Jacek Sasin w programie „Gość Wiadomości” na antenie TVP Info ocenił, że Polski nie stać na wprowadzenie unijnego pakietu Fit for 55. Według wyliczeń ekonomistów banku Pekao, realizacja unijnych dyrektyw może kosztować Polskę nawet 527,5 mld euro, czyli w przeliczeniu prawie 2,5 bln złotych.

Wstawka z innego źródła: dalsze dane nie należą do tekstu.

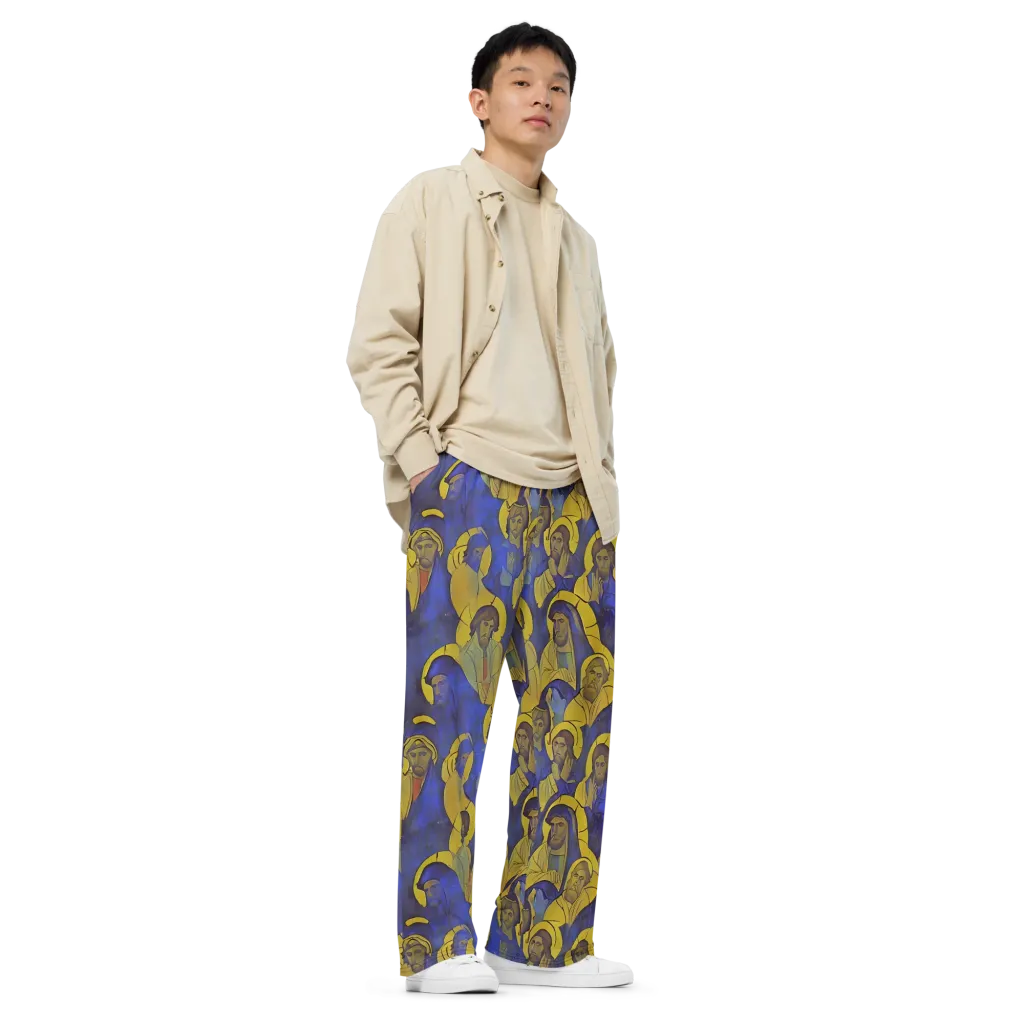 Divine Reverie on Wide-Leg Pants — Right Front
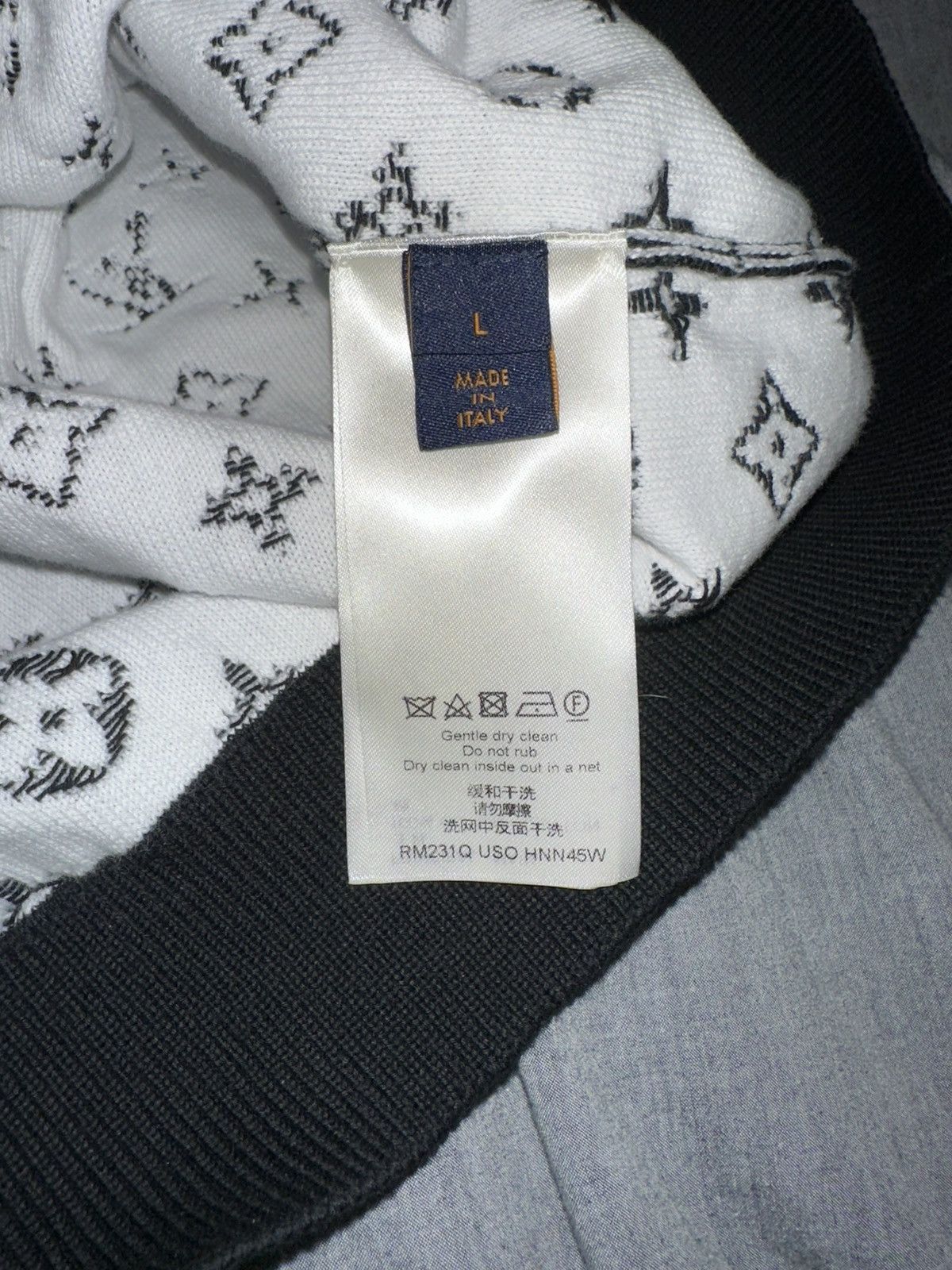Louis Vuitton Louis Vuitton monogram LV logo sweatshirt/hoodie Size US L / EU 52-54 / 3 - 6 Thumbnail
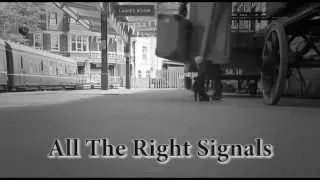 Short Film : All The Right Signals. Vintage raincoat by Elements Rainwear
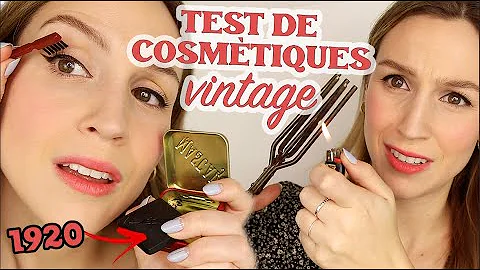 JE TESTE DES COSMTIQUES VINTAGE !  (cake mascara, ...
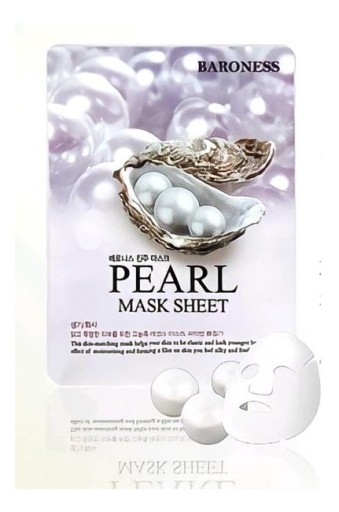 BARONESS Pearl Mask Sheet – rozjasňujúci a vyhladzujúci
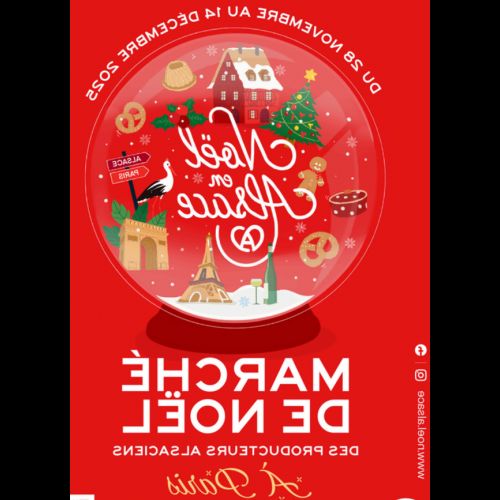 Mercado navideño alsaciano en la Gare de l'Est 2025: sabores auténticos y magia festiva en pleno corazón de París.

Unijny pakiet Fit for 55 zakłada redukcję emisji gazów cieplarnianych na obszarze Unii Europejskiej do 2030 roku z 40 do 55 proc. w zestawieniu z poziomem z 1990 roku. Ekonomiści banku Pekao wyliczyli, że realizacja unijnych dyrektyw może kosztować Polskę nawet 527,5 mld euro. W przeliczeniu to prawie 2,5 bln złotych. Stanowi to równowartość ok pięciu rocznych budżetów naszego kraju.
Sasin nie ma wątpliwości, że Polski na to nie stać. „Wprowadzenie tych rozwiązań jest nie do udźwignięcia przez budżet Polski. 256 tys. złotych na czteroosobową rodzinę. Taki byłby koszt wprowadzenia tego pakietu” – powiedział. „To spowodowałoby ogromne rozwarstwienia społeczne” – dodał.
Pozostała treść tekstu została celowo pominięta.